A group of overlapping narratives is attempting to connect polio vaccination with Ebola outbreaks and response activities. One version claims that Ebola and Marburg viruses emerged when monkey tissues contaminated with viruses were used to manufacture early polio vaccines. Posts describe Ebola as a vaccine contaminant and suggest that subsequent outbreaks in Africa resulted from laboratory or vaccine-production activities.
A second version denies that either Ebola or poliovirus exists as described by health authorities. These posts claim that symptoms attributed to the diseases are instead caused by parasites, contaminated water, chemicals, pesticides or vaccination itself. Polio is described as poisoning caused by substances such as DDT or arsenic, while Ebola is portrayed as a cover story used to conceal vaccine injury or environmental harm.
A third version places polio vaccination and Ebola within a broader depopulation conspiracy. A Nigeria-linked post claims that Western actors first attempted to reduce Africa’s population through polio vaccination and subsequently through Ebola and COVID-19. In this framing, each health emergency represents a new stage of the same foreign-controlled experiment.
In Kenya, the connection is more political than biomedical. Posts refer to shortages of routine vaccines, including polio vaccines, as evidence that the government’s Ebola preparedness activities are suspicious or deliberately manufactured. The Ebola response is linked to wider claims about political manipulation and future elections.
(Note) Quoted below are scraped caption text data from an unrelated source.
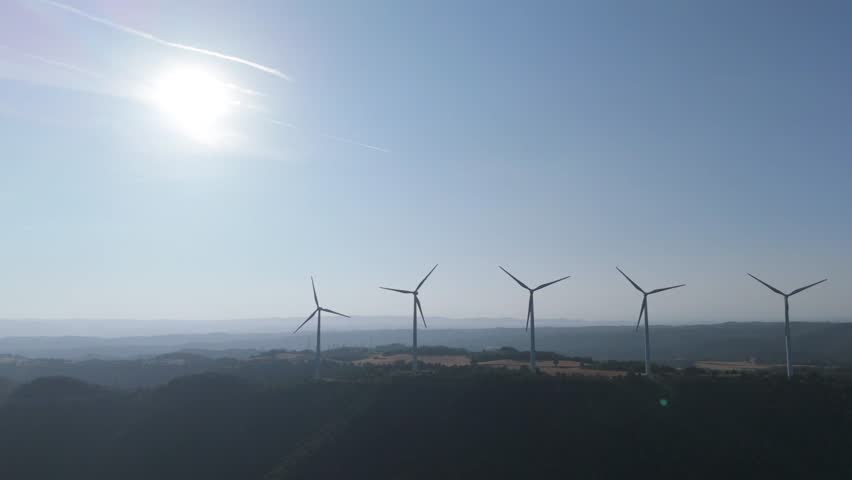 Two wind turbines are rotating against a clear blue sky, harnessing wind power to generate sustainable and clean energy, symbolizing renewable energy and environmental conservation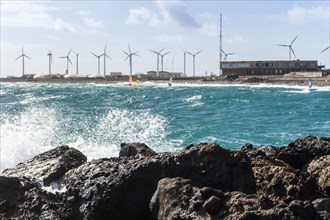 Water splashing on the rocks with windsurfers and windmills in the background
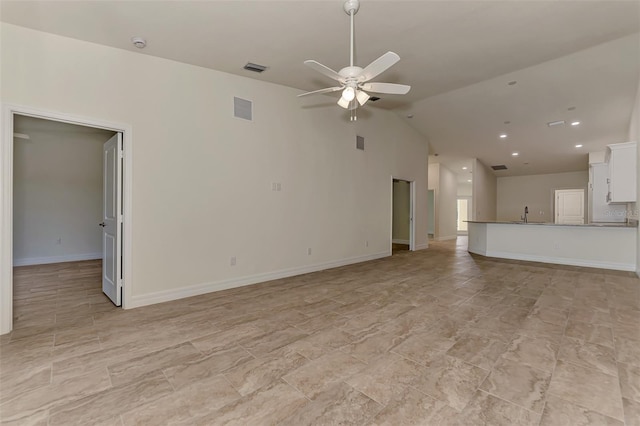 unfurnished living room featuring high vaulted ceiling, ceiling fan, light tile floors, and sink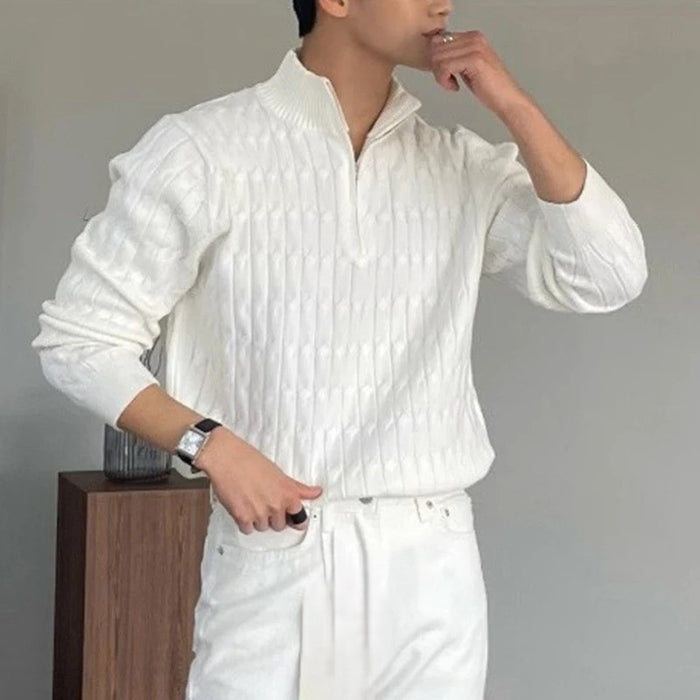Half zip ribbed sweater in cream and black with crew neckline and long sleeves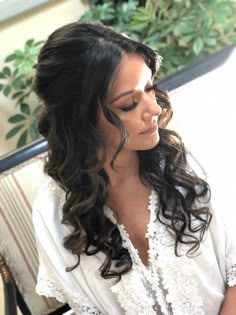 a woman with long hair sitting on a chair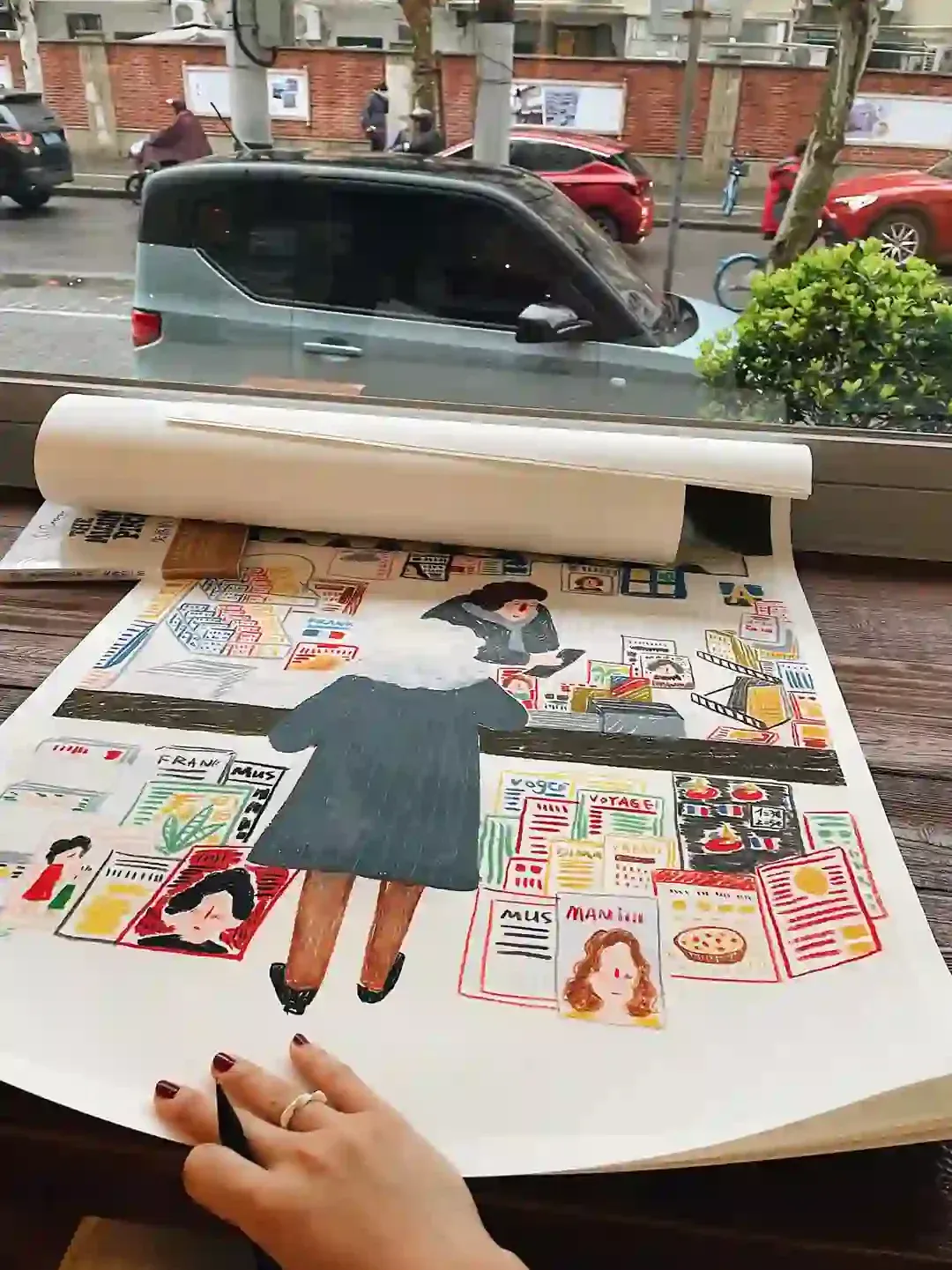 Large-format Paris bookshop illustration unrolled on a table by the window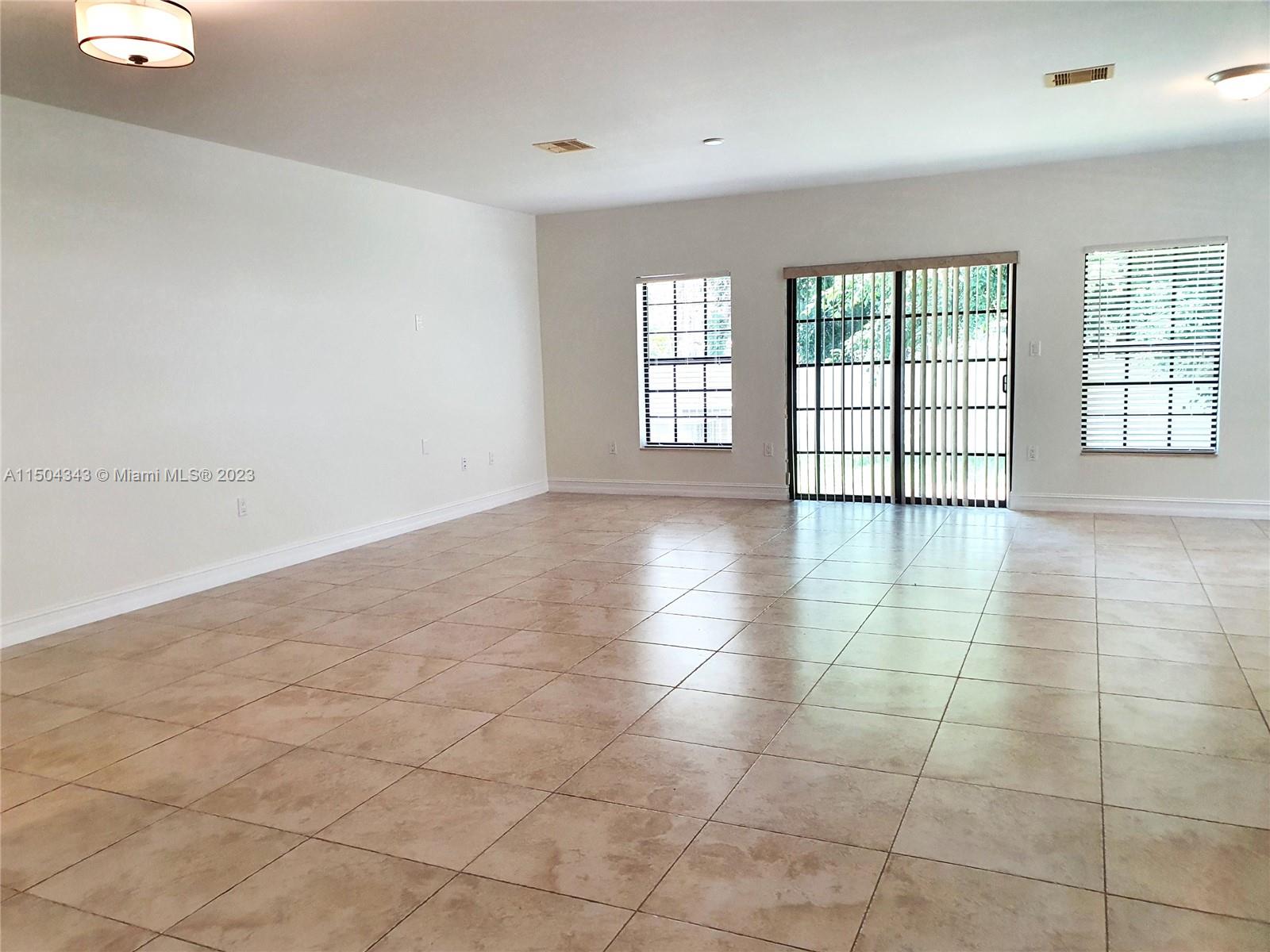 Expansive view of the living/dining room area as seen from the entrance.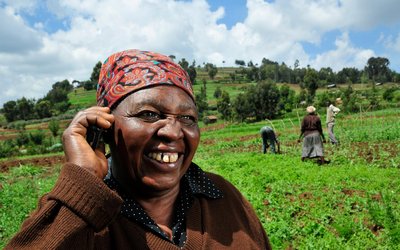 A Kenyan farmer uses a mobile phone in the field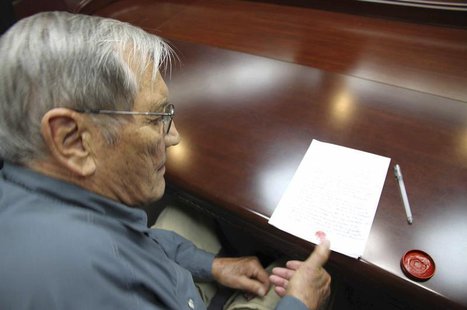 U.S. citizen Merrill E. Newman puts his thumbprint on a piece of paper, after being taken into custody by North Korea, at an undisclosed loc U.S. citizen Merrill E. Newman puts his thumbprint on a piece of paper, after being taken into custody by North Korea, at an undisclosed loc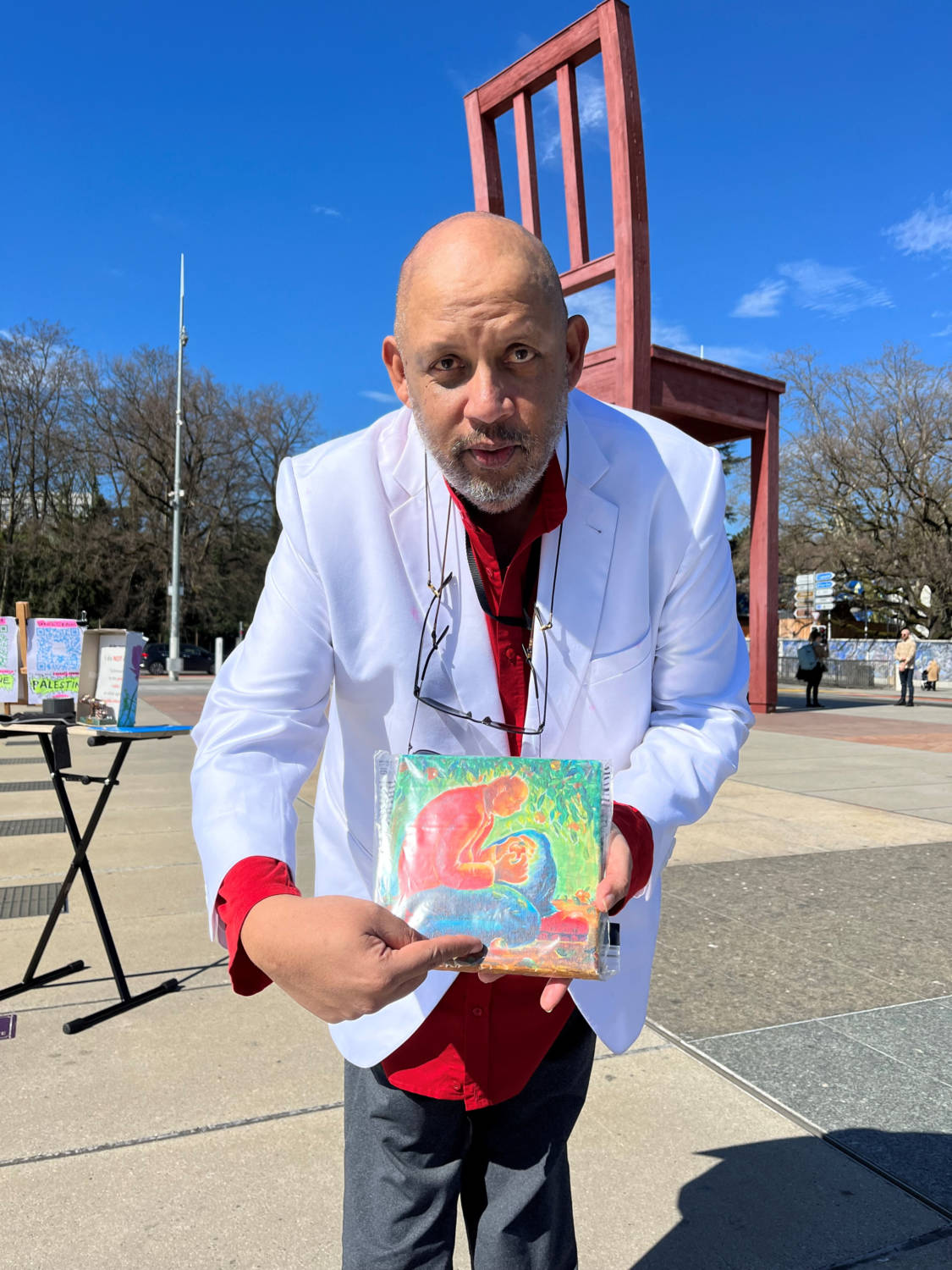Bruno Donat Holds Up A Painting By A Gazan Artist During A Hunger Strike For Children Affected During The Conflict Between Israel And Hamas, In Geneva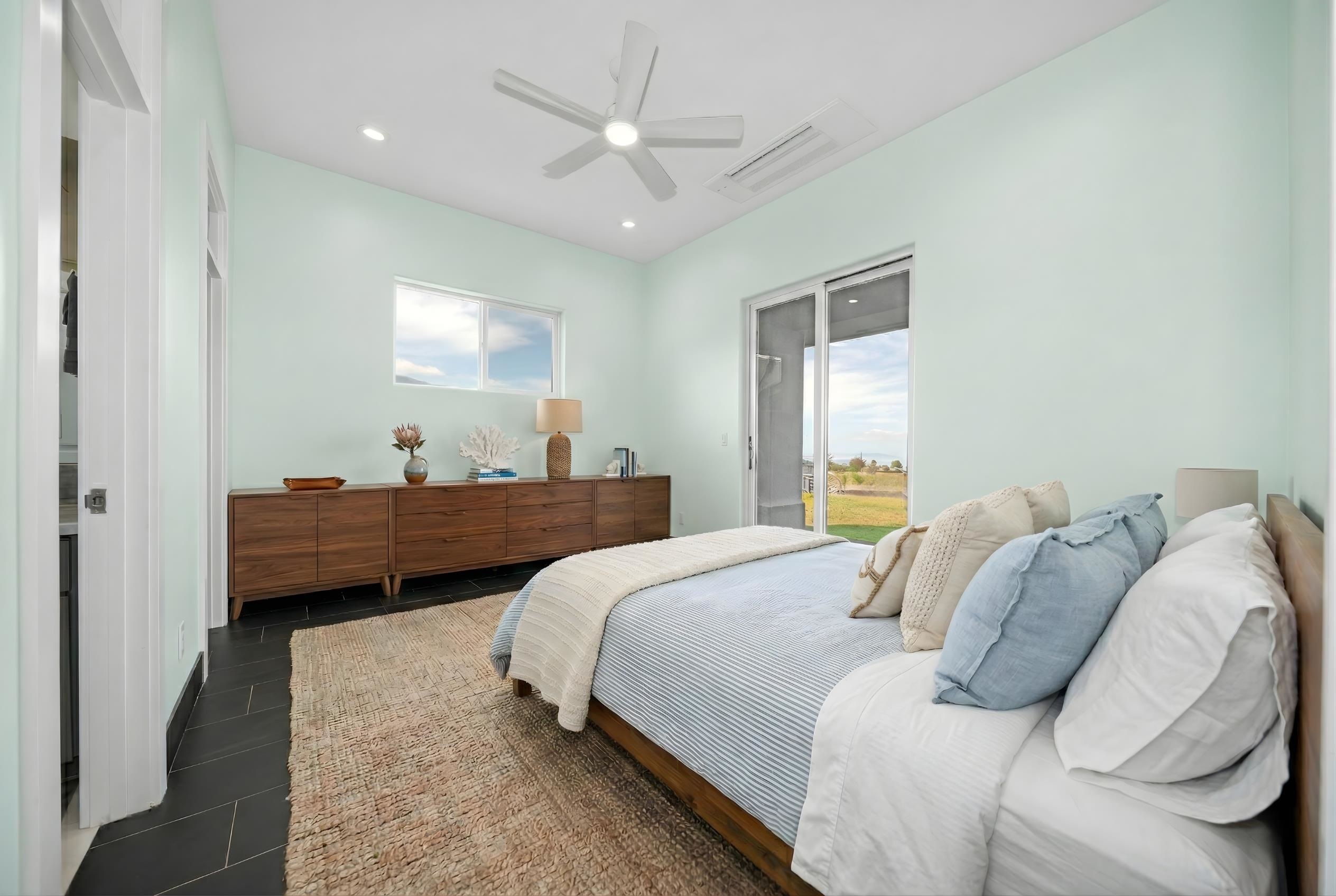 272 Huahua Street Kula, HI 96790 - Photo 19 of 43 a bedroom with a bed and window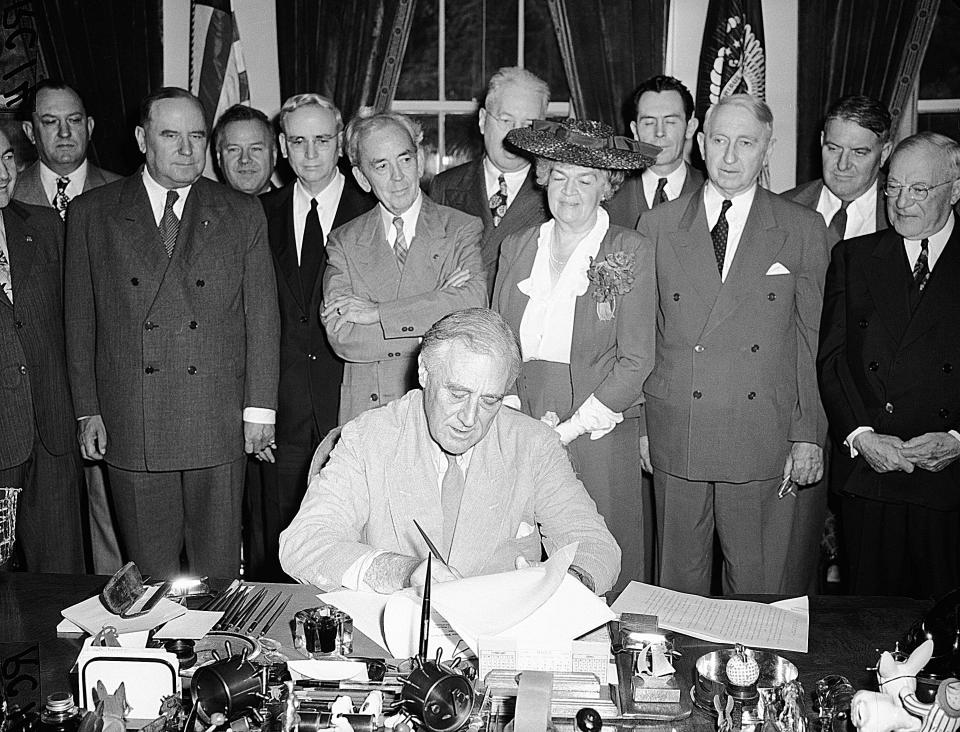 President Franklin D. Roosevelt puts his signature on the G.I. Bill of Rights at the White House, putting into law the measure for veterans aid, June 22, 1944.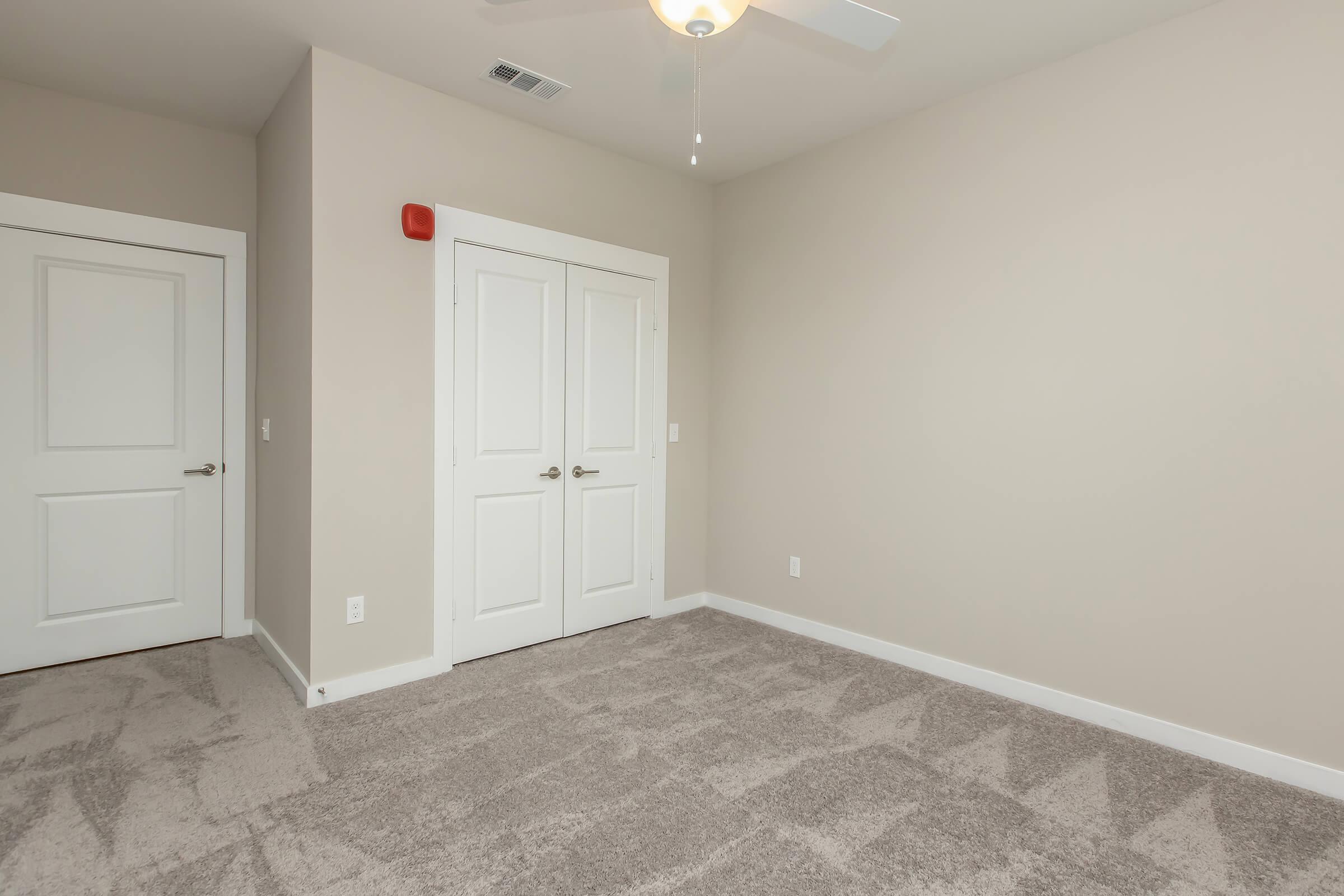 Empty room featuring beige walls and carpet, white ceiling with a ceiling fan, and a double door closet. A red fire alarm is mounted on the wall near the ceiling. The room has minimal decor and natural light intake, with one closed door visible leading to a presumably adjacent area.
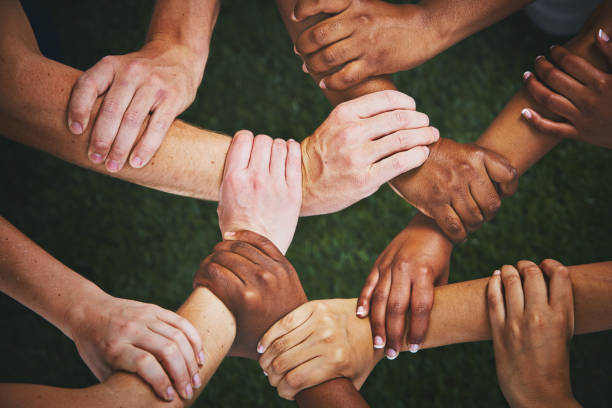 Many hands clasp wrists forming human chain Looking down at many mixed hands, each clasping the wrist of another person and forming an interlinked human chain or mesh. harmony photos stock pictures, royalty-free photos & images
In Uganda, corrective posts indicate that rumours circulated claiming that Ebola-response activities had interrupted or replaced routine immunisation, including polio vaccination. The original claims were not captured in the dataset, but the need for repeated corrections suggests that the rumour had reached community audiences.
The individual claims differ, but they share a common underlying message: international and national health authorities cannot be trusted, disease outbreaks may be fabricated or deliberately created, and polio vaccination is part of a wider system of experimentation, poisoning or population control.
The narrative remains distributed across a relatively small number of original accounts, and much of the visible engagement includes criticism or correction. However, connecting polio to a highly feared disease such as Ebola may make established anti-vaccine narratives more emotionally powerful and more adaptable during future outbreaks.